Shammam contends that an investigation must be active in order to outweigh prejudice to the defendant. There is no clearly established Supreme Court authority so holding. Lovasco suggests that a defendant may show the state acted “to gain [a] tactical advantage over the accused” – conduct that is akin to bad faith – to render investigative delay unjustified. See id. at 795 (internal quotation marks omitted). Here, the Court of Appeal concluded that Shammam had not “carried his burden on appeal to show that there is insufficient evidence to support the [trial] court's finding that the investigation was, instead, negligently conducted, intentionally delayed, or otherwise unjustifiably delayed.”
Requiring a defendant to show more than a period of investigative inactivity comports with Lovasco's teaching that it is appropriate for a prosecutor to wait to seek an “indictment[ ] until he is completely satisfied that he ․ will be able promptly to establish guilt beyond a reasonable doubt.” 431 U.S. at 795 (holding the “Due Process Clause does not require” courts to “[p]enaliz[e] prosecutors who defer action” because they lack evidence to prove guilt). A prosecutor who has not sought an indictment for this reason may also reasonably choose to devote less attention to a case as time passes and fewer leads arise. Standing alone, this does not amount to bad faith and does not constitute a violation of the defendant's due process rights.

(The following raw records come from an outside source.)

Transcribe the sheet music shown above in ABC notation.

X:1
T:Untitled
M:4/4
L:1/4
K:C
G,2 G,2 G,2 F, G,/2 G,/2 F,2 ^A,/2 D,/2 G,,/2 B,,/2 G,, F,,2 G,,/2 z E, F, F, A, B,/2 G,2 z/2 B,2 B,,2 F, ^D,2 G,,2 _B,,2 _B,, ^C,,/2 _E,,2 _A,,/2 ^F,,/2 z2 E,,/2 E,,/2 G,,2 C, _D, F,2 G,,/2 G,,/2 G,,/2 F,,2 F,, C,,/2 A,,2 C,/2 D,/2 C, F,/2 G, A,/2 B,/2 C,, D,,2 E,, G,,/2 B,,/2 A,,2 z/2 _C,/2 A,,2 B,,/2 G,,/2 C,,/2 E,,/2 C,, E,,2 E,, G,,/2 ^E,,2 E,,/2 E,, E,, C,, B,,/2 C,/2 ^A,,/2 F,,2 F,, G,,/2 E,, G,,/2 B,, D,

1. In California, there is no statute of limitations for murder, which is punishable by death or life imprisonment. Cal. Penal Code § 799.
2. To the extent Shammam makes other claims of prejudice, such as lost opportunity to impeach prosecution witnesses, he has not shown the trial court “plainly misapprehend[ed] or misstate[d] the record,” Milke, 711 F.3d at 1008, in finding he failed to prove those claims.